* Task instructions
Apart from the images, the entire listing below must be restated word for word.

* Available data
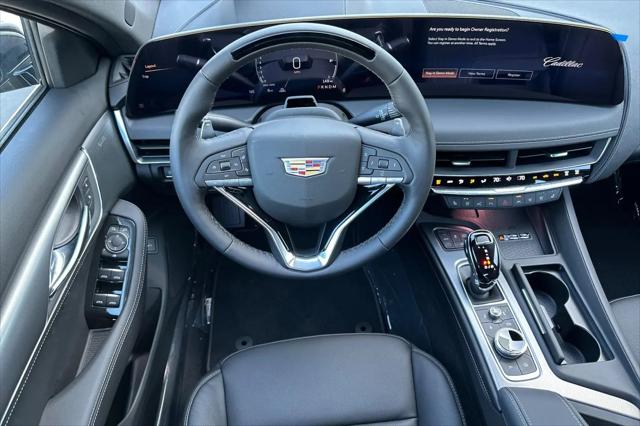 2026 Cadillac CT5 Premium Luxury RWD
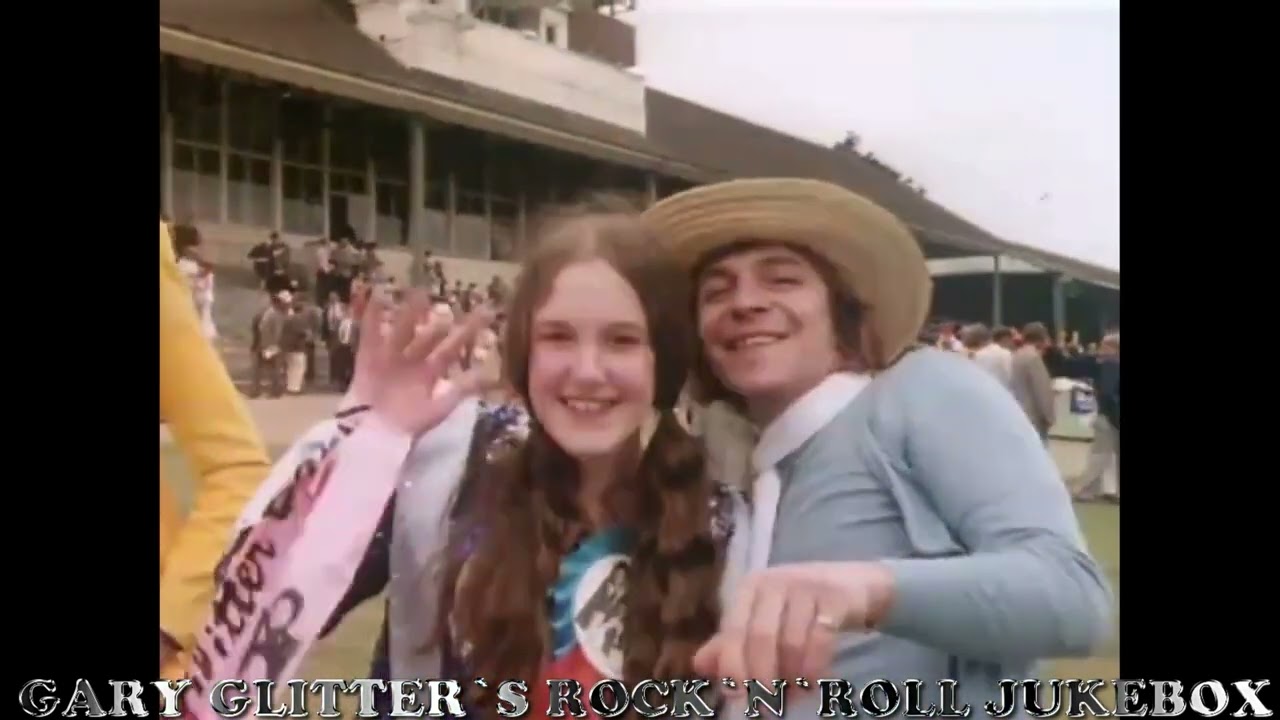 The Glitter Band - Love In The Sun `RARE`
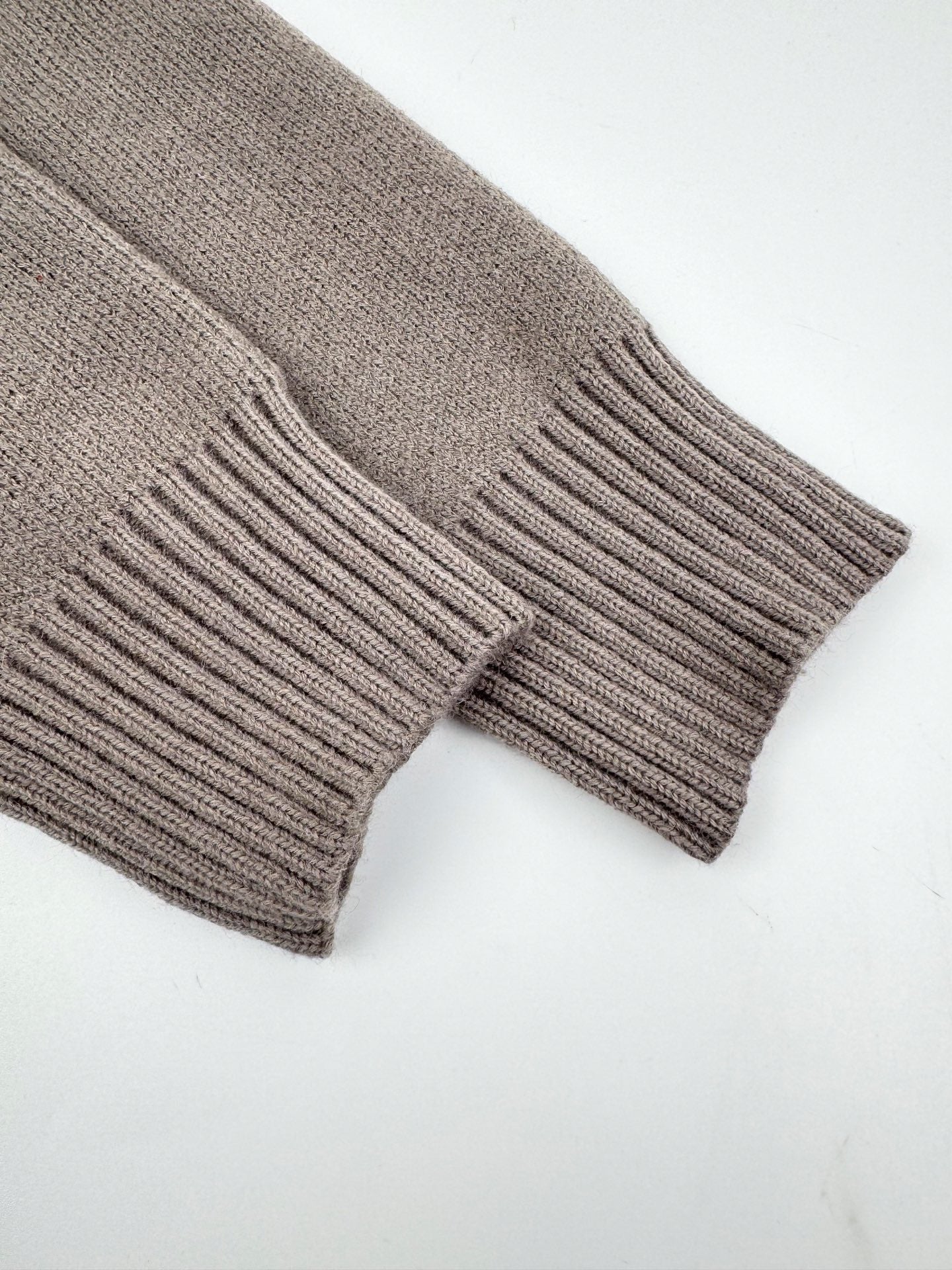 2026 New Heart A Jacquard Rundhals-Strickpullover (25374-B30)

* Task result
 2026 Cadillac CT5 Premium Luxury RWD
 The Glitter Band - Love In The Sun `RARE`
 2026 New Heart A Jacquard Rundhals-Strickpullover (25374-B30)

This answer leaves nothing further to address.